In the first Madonna piece Paglia astutely threw in an aside on the date rape furor, pouring scorn on the aphorism, No always means No. Unsurprisingly, she was soon commissioned by Newsday to write an article on the controversy, which appeared in January 91. College men are at their hormonal peak... A girl who lets herself get dead drunk at a fraternity party is a fool... Aggression and eroticism are deeply intertwined. The piece is reproduced in Sex, along with transcriptions of Paglia interviewed in the storm of controversy which
followed her uncompromising piece.

Meanwhile the Paglia bandwagon rolled on. Junk Bonds and Corporate Raiders came out in summer '91, an attack on American careerist, Ken-doll academics, academic feminism and French critical theory (it is revolting to see pampered American academics down on their knees kissing French bums.). In this incarnation chameleon crusader Paglia scored her biggest hit: her subsequent lecture, The Crisis in American Universities, given in September '91 at Massachusetts Institute of Technology attracted thousands and
splashed Paglia bons mots across the front pages. In the Media History of her rise and rise which Paglia has appended to Sex, she says the experience made her feel like Fay Dunaway after winning an Oscar.

In the same Media History, Paglia claims she did no marketing or solicitationfor her articles. Ideas have their own life and, when the time is right, seem to fly like the wind. Her stardom, she claims, is a manifestation of the return of the maverick as hero -- an uncharacteristic display of modesty, underplaying the ability to hard-sell personality and manipulate the mass media which she shares with the object of the two of the Sex essays, Madonna.
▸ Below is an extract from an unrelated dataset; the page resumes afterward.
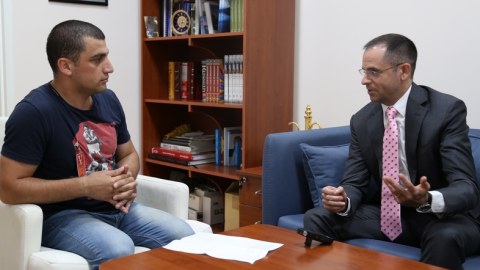ABŞ konsulu: “Azərbaycandakı “Greencard” agentliklərinin ABŞ səfirliyilə əlaqəsi yoxdur” - MÜSAHİBƏ   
Paglia is, actually, as aware of her own media-friendliness as she is of the dance styles and costumes of a decade of Madonna videos. Like Andy Warhol, I have been in love with ads since my earliest childhood, she recently told Wired magazine. One of the reasons that I probably got this famous is because I think and talk in sound-bite terms. People say She promotes herself. When I was young, I thought in newspaper headline terms: Paglia Falls Off Chair. I feel totally a part of mass media. In the same interview, reporter and subject conspire to tout 'wannabee polymath' Paglia as the new Marshall McLuhan, another good piece of branding.

In case we've missed any of the performance, Paglia helpfully lists her media identities at the end of //Sex:// woman warrior, wild woman of academia, catwoman of academia, Amazon punk philosopher, feminist fatale, hit woman of academia, academic guerilla, feminist scourge, the Jerry Brown of academic feminism, malcontent of sexual politics - hear any of these out of context and 10-to-1 even a Martian would recognise a
Paglia persona. The media appearances index is a piece of patent self-promotion. Sex, Art and American Culture are, after all, the vital ingredients in advertising.